Near term outlook driven by a calmer tone following reports that UK PM Truss and Chancellor Kwarteng are holding an emergency meeting today with the Office for Budget Responsibility (OBR).

August US headline PCE came in hotter than anticipated, up +6.2% vs. consensus for +6% forecast, but down from last month’s +6.3% reading. Core PCE (ex food/fuel) was also higher, up +4.9% vs. consensus and last month’s +4.7%. Today’s muted market reaction to a hotter inflation print reflects an understanding for the lagged nature of realized inflation data.

This morning, Fed Vice Chair Brainard reiterated the Fed’s commitment to inflation control, but was the first official in this cycle to highlight “the effects on activity and price setting in different sectors may occur with a lag.”  Brainard also took a small step back from the hawkish Fed message to acknowledge the tightening of financial conditions from dollar strength and noted that real yields in almost all maturities are now in positive territory/restrictive.

Other US data was generally softer than expected with September Chicago PMI falling into contraction territory and a downward revision in September final Michigan consumer sentiment.

Eurozone CPI came in hotter for a fifth straight month, but not quite as bad as feared and China PMI’s came in mixed.

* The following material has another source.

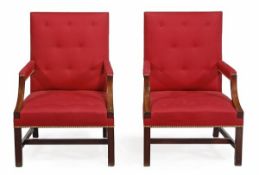 A pair of mahogany and upholstered Gainsborough armchairs in George III style, 19th century, each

China also announced a relaxation of floor rates on mortgages for first home buyers, while the PBOC injected large scale liquidity ahead of the Golden Week holiday.

Geopolitical headlines are in focus as the US and EU prepare additional sanctions on Russia in response to Putin’s planned annexation of four Ukraine territories.

The S&P 500 (SPX) is in deep oversold territory and just beyond levels we saw prior to the +17% summer reflex rally. Equity sentiment is at record bearish extremes and large non-bank cash holdings provide a major backstop for both bonds and stocks. Correlation between the two major asset classes has converged toward 1 and we expect an imminent reversal to occur in both markets simultaneously.  A reversal in the SPX will likely be preceded by a short period (1-2 days) of momentum dispersion or a capitulation trade with over-owned names cascading lower.  The former path is preferred because it’s more orderly and allows some time to add equity exposure.  The capitulation-based path is easier to identify and will likely include an intraday breach of strong technical support at ~3500 before reversing higher. Terminal rate expectations have been the dominant cross market for equities since late-Q1 and any reflex rally will likely follow a lower terminal rate.  The Fed’s updated dot plot from the September 21 meeting suggested March’23 rate ceiling of 4.50%.  Terminal rate expectations peaked on September 23 at 4.67% and have mean reverted to 4.46% today.  The distance below or above 4.50% will likely determine the near-term direction for the SPX.